SA VARIANT: Norwood, Cambridge and Dukes residents prioritised for testing
Image of PR9 area: Google Maps
People living on three Merseyside streets will receive at-home tests for the South African variant of coronavirus today.
The new variant was identified in a number of locations across the country earlier this month.
Sefton Council said it was moving “swiftly” to detect and contain the new strain, after cases were confirmed in the PR9 area, which includes parts of Southport.
People living in the town’s Norwood, Cambridge and Dukes wards are being prioritised for testing.
Everyone aged 16 or over within the target areas are urged to get a test.
Two dedicated mobile testing units have been set up – one at Southport Theatre and Convention Centre on the town’s Promenade, the other at the former Kew park-and-ride site.
Both are open seven days a week and are specifically for people within the target areas who don’t have any coronavirus symptoms.
Teams are also visiting addresses within the target areas will deliver home testing and, where possible, will wait while people test themselves.
Sefton Council’s Healthy Sefton team today tweeted that people living on Queens Road, Manchester Road and Hawkshead Street will receive home testing kits today.
Anyone calling with one of these tests will carry clear identification.
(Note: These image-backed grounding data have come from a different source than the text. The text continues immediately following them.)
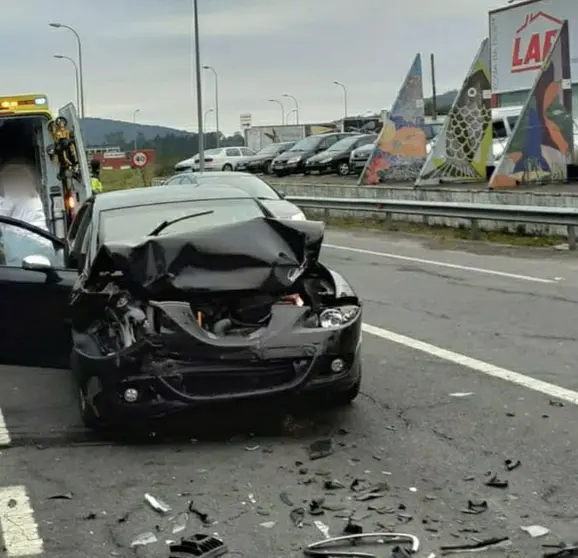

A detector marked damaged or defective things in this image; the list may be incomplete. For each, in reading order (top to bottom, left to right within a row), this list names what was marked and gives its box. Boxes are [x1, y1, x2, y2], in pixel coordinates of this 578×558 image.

black crashed car [234, 141, 294, 174]
black crashed car [304, 134, 376, 176]
crumpled hood [81, 218, 324, 298]
black crashed car [55, 187, 360, 428]
shattered car debris [70, 196, 362, 428]
broken headlight [318, 306, 358, 328]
They will not ask for any money or request anyone’s financial details and neither will they enter people’s homes.
Aside from getting a test, residents should be staying at home as much as possible and only be going out for essential purposes; such as shopping for essential supplies, going to work if unable to do so from home, providing care and daily exercise.
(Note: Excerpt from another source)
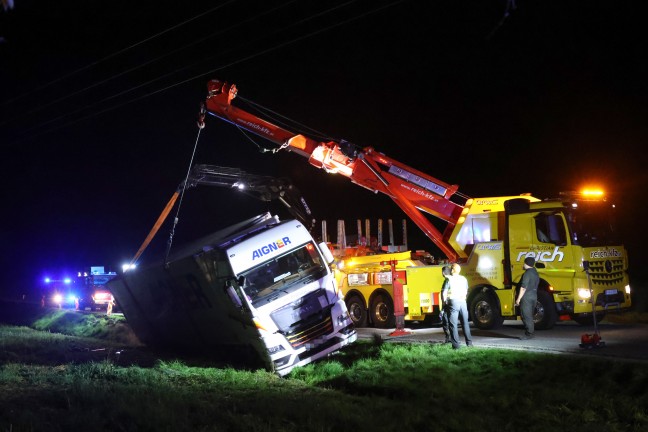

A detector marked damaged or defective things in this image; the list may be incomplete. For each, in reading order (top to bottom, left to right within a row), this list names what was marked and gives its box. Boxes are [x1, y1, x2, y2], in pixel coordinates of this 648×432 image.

overturned semi truck [109, 213, 356, 374]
Margaret Jones, Sefton Council’s Director of Public Health, said: “Everyone in all of our communities should continue to follow the national lockdown restrictions in order to protect our most vulnerable.
“There are no additional restrictions in place for those areas where surge testing is being carried out but we do encourage residents of those areas take extra care and try to limit their time away from home.
“People who live and work in these surge areas can use either of two dedicated testing units, as long as they don’t have coronavirus symptoms of a high temperature, persistent new cough or a loss of taste or smell.
“It doesn’t take long to get a test and some people may want to call in for theirs while they are out taking their daily exercise.”